Em outubro, se reunirá pela primeira vez a Comissão dos oito sábios instituída por Jorge Mario Bergoglio para identificar os caminhos da renovação da Cúria Romana e da Igreja. À espera desse encontro, a revista Jesus perguntou a homens e mulheres que acompanham, compartilham ou simplesmente olham com atenção para a vida da Igreja de Roma quais deveriam ser as reformas mais urgentes a serem enfrentadas.
Colegialidade nas decisões; reforma do IOR e acesso ao episcopado; colaboração entre Igrejas locais e Roma; revisão dos ministérios; liberdade de pesquisa teológica; mudança de paradigma eclesial, finalmente alinhado com as indicações do Vaticano II: cada um dos entrevistados indicou a "sua" reforma.
Muitos estão em sintonia com um apelo que está circulando online, assinado por leigos e sacerdotes, que exigem a centralidade de uma "Igreja pobre para os pobres" e repropõem o chamado "Pacto das Catacumbas", assinado nas catacumbas de Domitilla no dia 16 de novembro 1965 por cerca de 40 Padres do Concílio Vaticano II, dentre os quais estava o bispo Hélder Câmara: "Um documento profético que, se vivido, poderia ajudar a Igreja a se tornar 'serva e pobre', segundo o Espírito de Jesus". Um texto que, provavelmente, o Papa Bergoglio também tem em mente.
Na última celebração eucarística em Santa Marta antes da pausa de verão, no dia 6 de julho, ele quis enviar justamente esta mensagem: "Não é preciso ter medo da renovação das estruturas.
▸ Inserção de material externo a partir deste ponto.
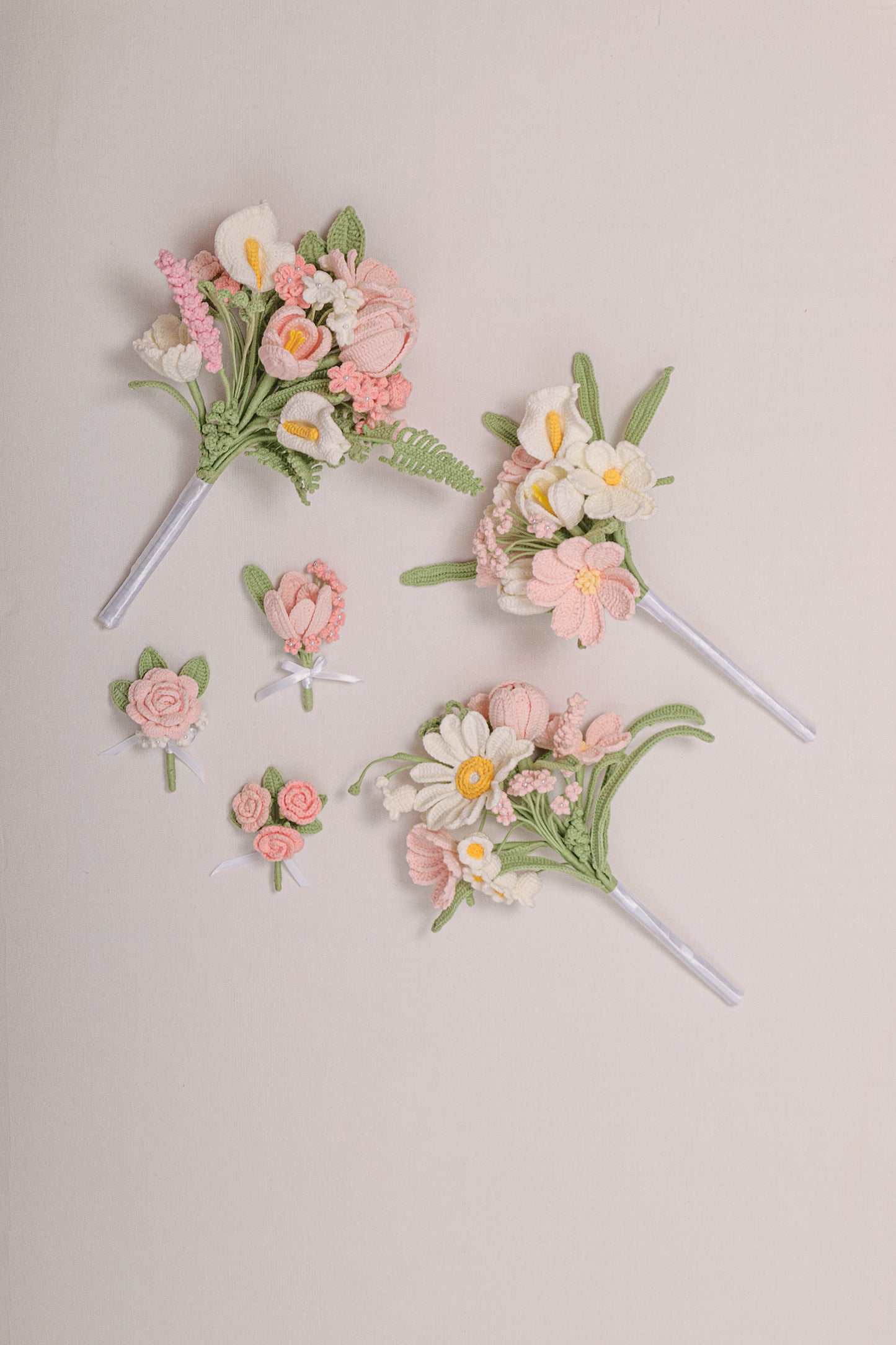 Pink Wedding Bouquet Set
Na vida cristã, mesmo na vida da Igreja, há estruturas antigas, estruturas caducas: é necessário renová-las! Não é preciso temer a novidade que o Espírito Santo opera em nós!".
Publicamos aqui a opinião de Alberto Melloni, professor de história do cristianismo na Universidade de Reggio Emilia e secretário da Fundação para as Ciências Religiosas João XXIII, de Bolonha.
Eis o texto.
O verdadeiro desafio: a reforma da nomeação dos bispos
O andamento das discussões do conclave depositou na agenda do novo papa uma série de questões de natureza diferente. Há as urgências finalmente pronunciadas com a liberdade e a confiança que haviam se apagado nos turvos momentos do fim do pontificado e aos quais Bento XVI só pôde responder com a renúncia ao ministério petrino.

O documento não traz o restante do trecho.